WILMINGTON, NC (WECT) - With Halloween right around the corner, there come many superstitions and spooky stories, including the idea that crossing the path of a black cat brings misfortune.
Year round, black cats have struggle to find a home and sit in shelters across the country waiting for adoption.
They even have the lowest adoption rate and the highest euthanasia rate.
The reason? Black cats may get lost among other colored felines in shelter cages, they don't photograph quite as well, and people may be searching for "unique" patterned kitties.
What people may not know is that in many cultures, black cats are seen as good luck and they're often healthier because their lineage isn't mixed with other breeds.
"They're very sweet and loyal," says Atlantic Animal Hospital Veterinarian Michele Rohrer.
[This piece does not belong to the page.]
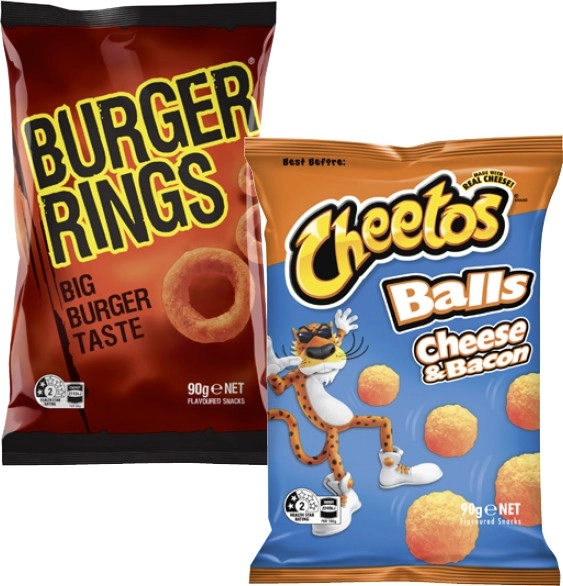 Twisties, Burger Rings or Cheetos 80g-90g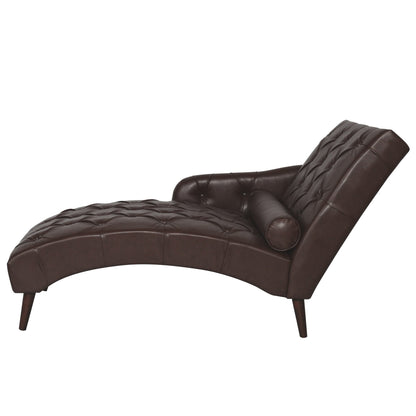 Poltrona chaise longue imbottita per interni, per il tempo libero, con cuscino e gambe in legno massello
"There are a lot of people that don't want black cats, but on the flip side there are actually families that will only adopt black cats."
Rohrer says once people get to know the quirkiness and fun personalities of the loyal black cats, they can't imagine life without these special furry friends.
Black cats are also most often ignored by many rescue groups because they are so hard to place in homes.
When visiting Atlantic Animal Hospital in Wilmington, you'll find Hope and Captain Jack Sparrow, two black, sweet, outgoing, and friendly kittens.
Just like any other colored kitty, Hope and Captain Jack need a loving home.